+++ Entries supplied
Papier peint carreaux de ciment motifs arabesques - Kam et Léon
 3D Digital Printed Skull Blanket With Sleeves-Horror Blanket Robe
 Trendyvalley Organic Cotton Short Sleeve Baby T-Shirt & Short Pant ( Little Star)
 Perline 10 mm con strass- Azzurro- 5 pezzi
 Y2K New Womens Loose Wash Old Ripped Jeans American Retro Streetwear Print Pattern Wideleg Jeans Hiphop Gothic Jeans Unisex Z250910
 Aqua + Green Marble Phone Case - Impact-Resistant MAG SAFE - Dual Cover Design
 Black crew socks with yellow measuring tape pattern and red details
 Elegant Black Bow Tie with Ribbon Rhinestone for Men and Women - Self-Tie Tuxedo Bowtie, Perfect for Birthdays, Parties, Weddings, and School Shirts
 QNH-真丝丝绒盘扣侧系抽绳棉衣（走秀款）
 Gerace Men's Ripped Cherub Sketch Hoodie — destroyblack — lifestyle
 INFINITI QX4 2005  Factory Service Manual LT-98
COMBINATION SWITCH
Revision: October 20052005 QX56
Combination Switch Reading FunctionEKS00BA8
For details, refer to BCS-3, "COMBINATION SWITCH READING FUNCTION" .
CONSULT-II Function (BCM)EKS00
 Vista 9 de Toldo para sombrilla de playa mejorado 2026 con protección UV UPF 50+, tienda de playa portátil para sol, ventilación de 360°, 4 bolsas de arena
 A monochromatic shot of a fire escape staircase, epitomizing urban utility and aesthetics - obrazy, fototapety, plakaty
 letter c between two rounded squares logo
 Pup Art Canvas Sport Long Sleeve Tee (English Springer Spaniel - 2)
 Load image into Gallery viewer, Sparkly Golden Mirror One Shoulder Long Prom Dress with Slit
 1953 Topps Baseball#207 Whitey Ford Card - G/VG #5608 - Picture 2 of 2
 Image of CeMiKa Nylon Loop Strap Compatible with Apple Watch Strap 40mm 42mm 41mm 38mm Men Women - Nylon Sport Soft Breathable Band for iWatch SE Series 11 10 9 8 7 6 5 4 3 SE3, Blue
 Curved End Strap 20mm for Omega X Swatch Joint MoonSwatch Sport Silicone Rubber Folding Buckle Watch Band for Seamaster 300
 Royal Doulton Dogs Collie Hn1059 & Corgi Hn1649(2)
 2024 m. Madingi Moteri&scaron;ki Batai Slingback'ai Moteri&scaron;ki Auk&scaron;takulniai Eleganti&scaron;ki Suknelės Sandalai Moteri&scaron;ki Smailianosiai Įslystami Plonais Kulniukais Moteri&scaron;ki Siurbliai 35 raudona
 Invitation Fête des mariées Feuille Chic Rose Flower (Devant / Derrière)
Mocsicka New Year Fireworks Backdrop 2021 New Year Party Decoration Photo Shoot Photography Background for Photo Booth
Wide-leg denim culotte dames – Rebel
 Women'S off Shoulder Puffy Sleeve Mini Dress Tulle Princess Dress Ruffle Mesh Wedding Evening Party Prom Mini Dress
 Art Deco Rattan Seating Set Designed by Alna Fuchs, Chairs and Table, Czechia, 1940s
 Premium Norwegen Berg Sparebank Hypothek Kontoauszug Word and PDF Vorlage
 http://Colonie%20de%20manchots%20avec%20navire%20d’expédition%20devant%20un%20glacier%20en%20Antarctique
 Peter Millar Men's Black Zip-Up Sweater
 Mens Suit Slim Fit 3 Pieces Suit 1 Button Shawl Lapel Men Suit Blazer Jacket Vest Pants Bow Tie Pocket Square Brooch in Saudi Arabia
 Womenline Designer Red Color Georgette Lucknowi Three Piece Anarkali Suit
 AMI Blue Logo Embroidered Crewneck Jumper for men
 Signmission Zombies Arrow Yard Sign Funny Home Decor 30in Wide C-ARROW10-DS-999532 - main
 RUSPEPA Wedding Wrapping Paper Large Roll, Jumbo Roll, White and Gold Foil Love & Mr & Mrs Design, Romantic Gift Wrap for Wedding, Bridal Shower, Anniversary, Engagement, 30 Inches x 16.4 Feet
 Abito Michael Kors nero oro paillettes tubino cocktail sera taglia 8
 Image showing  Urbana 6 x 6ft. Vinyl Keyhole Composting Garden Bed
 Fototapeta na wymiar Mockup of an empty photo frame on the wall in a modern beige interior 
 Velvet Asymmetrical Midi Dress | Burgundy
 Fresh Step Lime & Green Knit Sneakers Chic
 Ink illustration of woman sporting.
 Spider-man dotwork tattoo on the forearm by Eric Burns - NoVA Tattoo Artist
++++++
-- What you will do --
Please restate only the opening stretch of the records above: every line from the first through the one containing "Y2K New Womens", exactly as written.

-- Response below --
Papier peint carreaux de ciment motifs arabesques - Kam et Léon
 3D Digital Printed Skull Blanket With Sleeves-Horror Blanket Robe
 Trendyvalley Organic Cotton Short Sleeve Baby T-Shirt & Short Pant ( Little Star)
 Perline 10 mm con strass- Azzurro- 5 pezzi
 Y2K New Womens Loose Wash Old Ripped Jeans American Retro Streetwear Print Pattern Wideleg Jeans Hiphop Gothic Jeans Unisex Z250910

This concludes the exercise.